This thesis consists of three papers, all concerned with the eigenvalue problem for the Schrödinger operator -Δ+V, and in particular the Laplacian -Δ, on bounded, connected, Lipschitz domains with mixed boundary conditions, where a Dirichlet boundary condition is imposed on a subset of the boundary and a Neumann boundary condition on its complement. Given different such choices of boundary conditions on the same domain, we compare the resulting mixed Dirichlet-Neumann eigenvalues by establishing inequalities between them, and prove a variant of the hot spots conjecture for the lowest mixed Dirichlet-Neumann eigenfunction of the Laplacian. Our approach is purely variational and relies on both classical and novel variational principles; the geometric features of the underlying domain, such as convexity or curvature of the boundary, play a crucial role in our results.

In Paper I we consider the Laplacian on planar, convex domains and compare the lowest eigenvalues corresponding to different choices of mixed boundary conditions in the case in which the boundary contains a straight line segment. The proof relies on estimating the Rayleigh quotient of the derivative of a certain eigenfunction in the unique direction normal to this segment; as a result the established inequalities depend on the geometry of the boundary with respect to this direction, as well as on the convexity of the domain.

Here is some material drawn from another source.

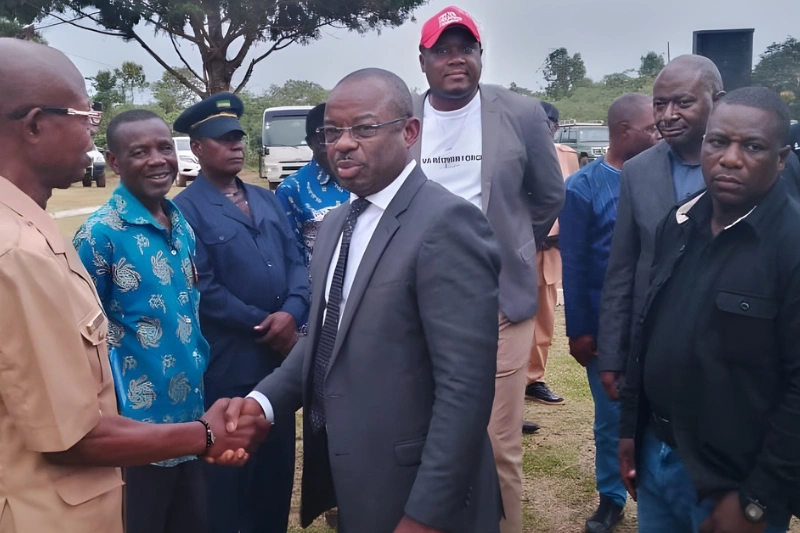 Moanda : le ministre Clotaire Kondja interpellé sur les coupures d'eau et d'électricité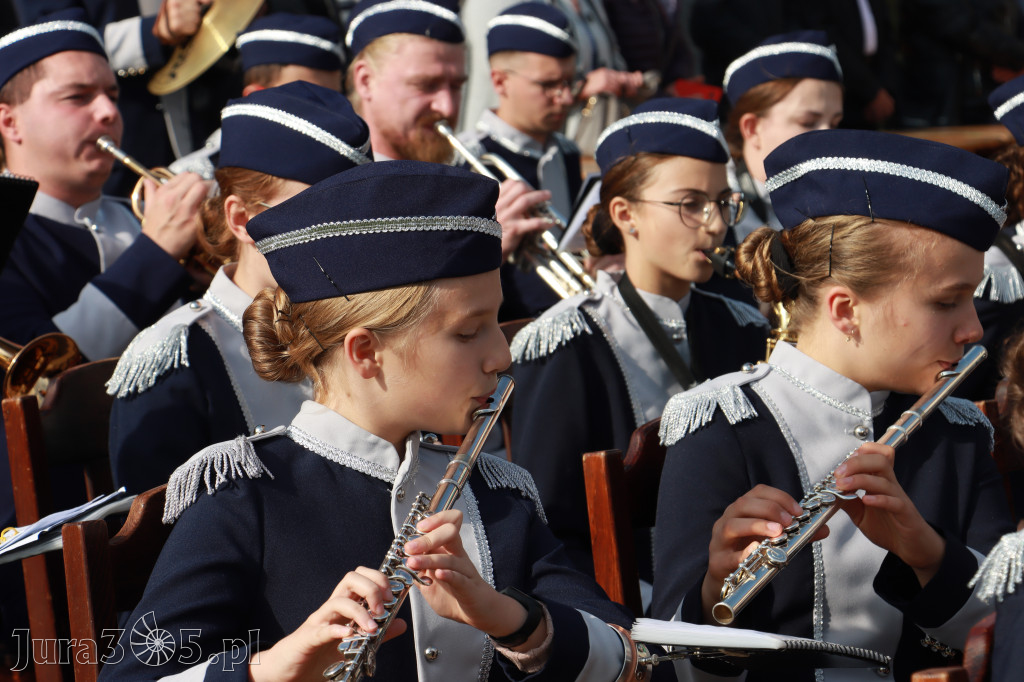 Fotorelacja - Przekazanie i poświęcenie nowego samochodu OSP Cynków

In Paper II we also compare the lowest mixed eigenvalues of the Laplacian on simply connected planar domains, but instead rely on a novel variational principle where the minimizers are gradients of eigenfunctions. To the best of our knowledge, this variational principle has not appeared in the literature before. This allows to replace the convexity assumption with a more general assumption regulating the normal directions to the boundary, and to drop the assumption that the boundary contains a straight line segment. Using this novel variational principle we also prove a version of the hot spots conjecture for mixed Dirichlet-Neumann boundary conditions.

In Paper III we extend the eigenvalue inequalities of Paper I to Schrödinger operators on both planar and higher-dimensional domains by generalizing the variational approach therein established; in this case we require the boundary to contain a subset of a hyperplane. The inequalities rely again on the convexity of the domain and on the geometry of both the boundary and the potential V with respect to the unique direction normal to this hyperplane. Further, we prove an inequality between higher order mixed Dirichlet-Neumann eigenvalues and pure Dirichlet eigenvalues of Schrödinger operators.